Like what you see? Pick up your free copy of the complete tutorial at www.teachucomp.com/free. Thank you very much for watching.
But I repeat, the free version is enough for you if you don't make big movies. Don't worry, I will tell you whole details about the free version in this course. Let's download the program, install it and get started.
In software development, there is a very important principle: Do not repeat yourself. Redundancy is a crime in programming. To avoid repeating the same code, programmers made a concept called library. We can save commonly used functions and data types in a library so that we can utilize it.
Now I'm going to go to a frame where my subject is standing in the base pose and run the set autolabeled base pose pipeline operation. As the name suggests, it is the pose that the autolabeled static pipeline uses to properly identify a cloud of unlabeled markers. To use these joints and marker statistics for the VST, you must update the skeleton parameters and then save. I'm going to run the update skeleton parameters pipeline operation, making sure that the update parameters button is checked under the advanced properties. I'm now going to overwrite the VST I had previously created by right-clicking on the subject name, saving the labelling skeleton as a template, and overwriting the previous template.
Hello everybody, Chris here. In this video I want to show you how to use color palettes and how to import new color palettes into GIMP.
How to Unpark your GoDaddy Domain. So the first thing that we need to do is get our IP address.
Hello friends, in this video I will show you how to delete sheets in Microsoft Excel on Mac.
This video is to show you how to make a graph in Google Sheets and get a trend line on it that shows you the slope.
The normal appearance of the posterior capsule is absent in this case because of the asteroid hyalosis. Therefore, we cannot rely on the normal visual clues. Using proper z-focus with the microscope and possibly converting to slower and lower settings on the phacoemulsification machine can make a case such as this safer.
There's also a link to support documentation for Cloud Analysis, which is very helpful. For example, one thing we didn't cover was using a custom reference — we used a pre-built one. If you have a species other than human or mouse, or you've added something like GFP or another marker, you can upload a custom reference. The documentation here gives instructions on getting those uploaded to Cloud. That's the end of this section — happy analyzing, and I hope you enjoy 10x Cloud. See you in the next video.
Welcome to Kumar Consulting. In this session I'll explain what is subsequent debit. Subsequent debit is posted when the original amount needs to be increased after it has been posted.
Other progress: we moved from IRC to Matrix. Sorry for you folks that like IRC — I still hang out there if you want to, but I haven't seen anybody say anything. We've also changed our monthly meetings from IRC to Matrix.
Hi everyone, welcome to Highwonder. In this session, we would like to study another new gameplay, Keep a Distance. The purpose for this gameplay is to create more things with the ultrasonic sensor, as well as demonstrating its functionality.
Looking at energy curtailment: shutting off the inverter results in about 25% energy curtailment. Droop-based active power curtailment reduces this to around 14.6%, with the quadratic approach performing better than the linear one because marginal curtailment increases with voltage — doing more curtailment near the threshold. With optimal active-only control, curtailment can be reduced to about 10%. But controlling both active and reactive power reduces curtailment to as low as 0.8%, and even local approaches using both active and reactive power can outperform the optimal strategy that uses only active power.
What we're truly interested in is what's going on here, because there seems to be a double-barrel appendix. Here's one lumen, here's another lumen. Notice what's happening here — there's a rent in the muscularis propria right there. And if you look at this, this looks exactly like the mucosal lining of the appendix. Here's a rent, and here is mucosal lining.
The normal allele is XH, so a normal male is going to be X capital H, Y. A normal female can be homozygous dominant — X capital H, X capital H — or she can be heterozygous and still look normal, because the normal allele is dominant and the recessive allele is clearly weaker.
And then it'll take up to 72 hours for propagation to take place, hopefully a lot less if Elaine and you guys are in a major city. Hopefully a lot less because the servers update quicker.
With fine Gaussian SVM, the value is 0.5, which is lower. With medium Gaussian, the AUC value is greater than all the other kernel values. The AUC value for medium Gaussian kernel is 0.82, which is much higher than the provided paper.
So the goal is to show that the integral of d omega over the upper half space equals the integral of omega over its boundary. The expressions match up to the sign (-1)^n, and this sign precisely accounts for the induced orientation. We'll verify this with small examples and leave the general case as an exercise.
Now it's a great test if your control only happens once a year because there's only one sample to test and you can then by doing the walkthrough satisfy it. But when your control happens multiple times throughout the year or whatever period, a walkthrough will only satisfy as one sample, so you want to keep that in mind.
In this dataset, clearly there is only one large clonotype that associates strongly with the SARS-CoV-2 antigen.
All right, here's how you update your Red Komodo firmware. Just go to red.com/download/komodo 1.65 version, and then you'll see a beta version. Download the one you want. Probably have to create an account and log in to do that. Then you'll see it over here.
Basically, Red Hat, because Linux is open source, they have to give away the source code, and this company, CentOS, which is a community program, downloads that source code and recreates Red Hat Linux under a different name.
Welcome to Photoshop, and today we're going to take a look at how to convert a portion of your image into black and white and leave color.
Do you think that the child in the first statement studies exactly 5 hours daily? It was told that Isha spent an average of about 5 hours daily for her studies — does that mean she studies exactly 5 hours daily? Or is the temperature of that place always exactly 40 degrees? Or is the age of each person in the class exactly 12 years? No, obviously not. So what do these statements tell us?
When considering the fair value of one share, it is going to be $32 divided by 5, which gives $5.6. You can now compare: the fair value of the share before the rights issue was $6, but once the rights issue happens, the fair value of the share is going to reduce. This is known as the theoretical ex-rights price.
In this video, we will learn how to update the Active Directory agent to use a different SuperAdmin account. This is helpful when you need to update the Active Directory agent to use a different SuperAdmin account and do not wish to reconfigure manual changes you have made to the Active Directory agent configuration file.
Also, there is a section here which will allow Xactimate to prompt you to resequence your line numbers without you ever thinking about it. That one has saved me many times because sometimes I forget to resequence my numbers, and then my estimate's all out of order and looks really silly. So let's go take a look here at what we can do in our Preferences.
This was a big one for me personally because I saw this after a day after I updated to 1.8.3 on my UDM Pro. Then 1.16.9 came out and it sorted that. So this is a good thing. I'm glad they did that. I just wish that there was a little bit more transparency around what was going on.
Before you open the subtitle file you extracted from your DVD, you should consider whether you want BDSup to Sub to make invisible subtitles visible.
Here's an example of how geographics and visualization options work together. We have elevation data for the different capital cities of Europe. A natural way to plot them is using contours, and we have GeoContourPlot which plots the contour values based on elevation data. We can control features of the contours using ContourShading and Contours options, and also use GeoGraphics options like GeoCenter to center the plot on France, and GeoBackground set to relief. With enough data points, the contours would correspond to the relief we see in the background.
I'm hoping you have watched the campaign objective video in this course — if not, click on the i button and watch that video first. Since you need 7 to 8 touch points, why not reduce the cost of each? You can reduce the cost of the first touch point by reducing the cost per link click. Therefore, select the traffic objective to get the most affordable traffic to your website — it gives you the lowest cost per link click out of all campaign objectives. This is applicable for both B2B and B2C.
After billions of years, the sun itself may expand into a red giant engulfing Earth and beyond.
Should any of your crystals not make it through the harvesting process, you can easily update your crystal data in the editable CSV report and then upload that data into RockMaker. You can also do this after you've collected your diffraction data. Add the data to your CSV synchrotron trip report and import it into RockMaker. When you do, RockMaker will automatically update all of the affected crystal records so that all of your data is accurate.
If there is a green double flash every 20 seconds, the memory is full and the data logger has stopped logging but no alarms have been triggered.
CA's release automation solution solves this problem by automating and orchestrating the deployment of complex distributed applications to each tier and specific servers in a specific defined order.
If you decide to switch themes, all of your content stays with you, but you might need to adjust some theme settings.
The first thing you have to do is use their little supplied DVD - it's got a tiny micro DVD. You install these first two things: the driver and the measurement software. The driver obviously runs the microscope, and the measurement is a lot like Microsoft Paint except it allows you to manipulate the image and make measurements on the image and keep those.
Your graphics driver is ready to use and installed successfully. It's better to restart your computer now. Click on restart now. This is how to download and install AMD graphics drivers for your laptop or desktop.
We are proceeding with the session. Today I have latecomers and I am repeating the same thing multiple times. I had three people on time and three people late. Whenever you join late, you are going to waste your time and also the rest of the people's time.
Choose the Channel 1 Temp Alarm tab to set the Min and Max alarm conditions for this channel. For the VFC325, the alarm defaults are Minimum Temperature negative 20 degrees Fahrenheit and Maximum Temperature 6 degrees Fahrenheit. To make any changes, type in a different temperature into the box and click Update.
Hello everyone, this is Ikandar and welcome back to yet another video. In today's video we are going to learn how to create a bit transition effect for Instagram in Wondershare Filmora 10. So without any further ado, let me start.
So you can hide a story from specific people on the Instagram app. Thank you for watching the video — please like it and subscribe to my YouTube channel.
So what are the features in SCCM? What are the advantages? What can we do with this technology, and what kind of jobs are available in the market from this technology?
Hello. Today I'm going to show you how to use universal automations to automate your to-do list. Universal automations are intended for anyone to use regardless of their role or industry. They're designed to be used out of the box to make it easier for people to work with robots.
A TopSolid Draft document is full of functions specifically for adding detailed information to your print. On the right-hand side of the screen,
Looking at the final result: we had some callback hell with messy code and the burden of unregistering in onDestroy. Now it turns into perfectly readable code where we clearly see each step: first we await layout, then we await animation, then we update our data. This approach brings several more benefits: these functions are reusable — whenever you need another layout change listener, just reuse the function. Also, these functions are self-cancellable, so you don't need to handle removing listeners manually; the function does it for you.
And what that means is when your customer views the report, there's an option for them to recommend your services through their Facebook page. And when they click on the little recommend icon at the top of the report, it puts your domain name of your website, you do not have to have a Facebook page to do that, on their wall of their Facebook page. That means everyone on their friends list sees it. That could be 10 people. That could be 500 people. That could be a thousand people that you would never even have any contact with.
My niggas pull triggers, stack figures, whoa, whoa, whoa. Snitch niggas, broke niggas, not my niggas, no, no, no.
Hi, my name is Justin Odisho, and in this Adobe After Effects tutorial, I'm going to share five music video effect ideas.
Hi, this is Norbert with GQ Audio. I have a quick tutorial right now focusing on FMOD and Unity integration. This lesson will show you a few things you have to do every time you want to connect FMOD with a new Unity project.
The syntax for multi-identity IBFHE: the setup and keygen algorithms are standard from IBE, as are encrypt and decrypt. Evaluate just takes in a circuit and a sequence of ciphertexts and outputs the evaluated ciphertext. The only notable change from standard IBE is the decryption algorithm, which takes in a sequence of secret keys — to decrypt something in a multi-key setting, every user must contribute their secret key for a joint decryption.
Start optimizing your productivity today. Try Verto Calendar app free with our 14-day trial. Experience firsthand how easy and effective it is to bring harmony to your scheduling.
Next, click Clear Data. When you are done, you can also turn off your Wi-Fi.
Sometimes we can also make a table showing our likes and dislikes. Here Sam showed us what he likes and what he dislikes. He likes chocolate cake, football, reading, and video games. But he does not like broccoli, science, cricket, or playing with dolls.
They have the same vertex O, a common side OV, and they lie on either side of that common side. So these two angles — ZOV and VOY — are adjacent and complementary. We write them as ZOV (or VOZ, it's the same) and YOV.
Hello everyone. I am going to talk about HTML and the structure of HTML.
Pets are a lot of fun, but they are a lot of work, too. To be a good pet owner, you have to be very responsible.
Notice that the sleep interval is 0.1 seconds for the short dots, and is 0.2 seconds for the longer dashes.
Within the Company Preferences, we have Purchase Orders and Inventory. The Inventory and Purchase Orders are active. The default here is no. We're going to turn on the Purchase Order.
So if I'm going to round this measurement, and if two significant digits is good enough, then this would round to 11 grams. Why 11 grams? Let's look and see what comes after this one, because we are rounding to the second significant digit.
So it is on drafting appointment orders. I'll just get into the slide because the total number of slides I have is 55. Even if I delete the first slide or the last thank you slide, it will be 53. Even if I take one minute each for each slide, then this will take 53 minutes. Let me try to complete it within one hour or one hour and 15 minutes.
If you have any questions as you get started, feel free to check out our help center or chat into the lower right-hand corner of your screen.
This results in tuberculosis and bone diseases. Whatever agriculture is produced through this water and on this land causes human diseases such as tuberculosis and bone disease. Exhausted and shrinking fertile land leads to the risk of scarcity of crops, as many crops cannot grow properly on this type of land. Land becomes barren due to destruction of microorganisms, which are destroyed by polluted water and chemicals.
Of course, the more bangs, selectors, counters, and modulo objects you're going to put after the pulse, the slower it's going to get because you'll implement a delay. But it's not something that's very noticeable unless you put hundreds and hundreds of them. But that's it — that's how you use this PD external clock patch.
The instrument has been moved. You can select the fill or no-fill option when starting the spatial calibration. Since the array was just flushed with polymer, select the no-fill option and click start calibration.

==============================

PROBLEM STATEMENT.
Reproduce the lines above, beginning at the line with "They have the" and stopping after the line with "If you have any", exactly as they are.

OUTPUT FOR THIS EXERCISE.
They have the same vertex O, a common side OV, and they lie on either side of that common side. So these two angles — ZOV and VOY — are adjacent and complementary. We write them as ZOV (or VOZ, it's the same) and YOV.
Hello everyone. I am going to talk about HTML and the structure of HTML.
Pets are a lot of fun, but they are a lot of work, too. To be a good pet owner, you have to be very responsible.
Notice that the sleep interval is 0.1 seconds for the short dots, and is 0.2 seconds for the longer dashes.
Within the Company Preferences, we have Purchase Orders and Inventory. The Inventory and Purchase Orders are active. The default here is no. We're going to turn on the Purchase Order.
So if I'm going to round this measurement, and if two significant digits is good enough, then this would round to 11 grams. Why 11 grams? Let's look and see what comes after this one, because we are rounding to the second significant digit.
So it is on drafting appointment orders. I'll just get into the slide because the total number of slides I have is 55. Even if I delete the first slide or the last thank you slide, it will be 53. Even if I take one minute each for each slide, then this will take 53 minutes. Let me try to complete it within one hour or one hour and 15 minutes.
If you have any questions as you get started, feel free to check out our help center or chat into the lower right-hand corner of your screen.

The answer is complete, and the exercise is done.